* _Problem_:
Write out, word for word, the line that contains "Rafał Trzaskowski i" and each line after it down to the last line of the data below. Include nothing more.

* _Provided records_:

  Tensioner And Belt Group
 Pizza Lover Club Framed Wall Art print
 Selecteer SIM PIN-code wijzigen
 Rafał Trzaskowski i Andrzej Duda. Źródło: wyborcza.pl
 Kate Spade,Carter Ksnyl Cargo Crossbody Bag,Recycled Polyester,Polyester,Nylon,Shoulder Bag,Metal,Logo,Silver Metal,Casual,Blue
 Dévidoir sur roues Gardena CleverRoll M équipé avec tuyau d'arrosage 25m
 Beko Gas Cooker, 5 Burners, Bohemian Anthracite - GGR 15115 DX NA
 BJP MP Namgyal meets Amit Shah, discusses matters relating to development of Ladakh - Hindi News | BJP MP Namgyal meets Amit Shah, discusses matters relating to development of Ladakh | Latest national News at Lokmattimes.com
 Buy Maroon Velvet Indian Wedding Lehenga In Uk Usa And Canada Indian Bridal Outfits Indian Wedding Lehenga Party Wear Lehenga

* _Expected answer_:
 Rafał Trzaskowski i Andrzej Duda. Źródło: wyborcza.pl
 Kate Spade,Carter Ksnyl Cargo Crossbody Bag,Recycled Polyester,Polyester,Nylon,Shoulder Bag,Metal,Logo,Silver Metal,Casual,Blue
 Dévidoir sur roues Gardena CleverRoll M équipé avec tuyau d'arrosage 25m
 Beko Gas Cooker, 5 Burners, Bohemian Anthracite - GGR 15115 DX NA
 BJP MP Namgyal meets Amit Shah, discusses matters relating to development of Ladakh - Hindi News | BJP MP Namgyal meets Amit Shah, discusses matters relating to development of Ladakh | Latest national News at Lokmattimes.com
 Buy Maroon Velvet Indian Wedding Lehenga In Uk Usa And Canada Indian Bridal Outfits Indian Wedding Lehenga Party Wear Lehenga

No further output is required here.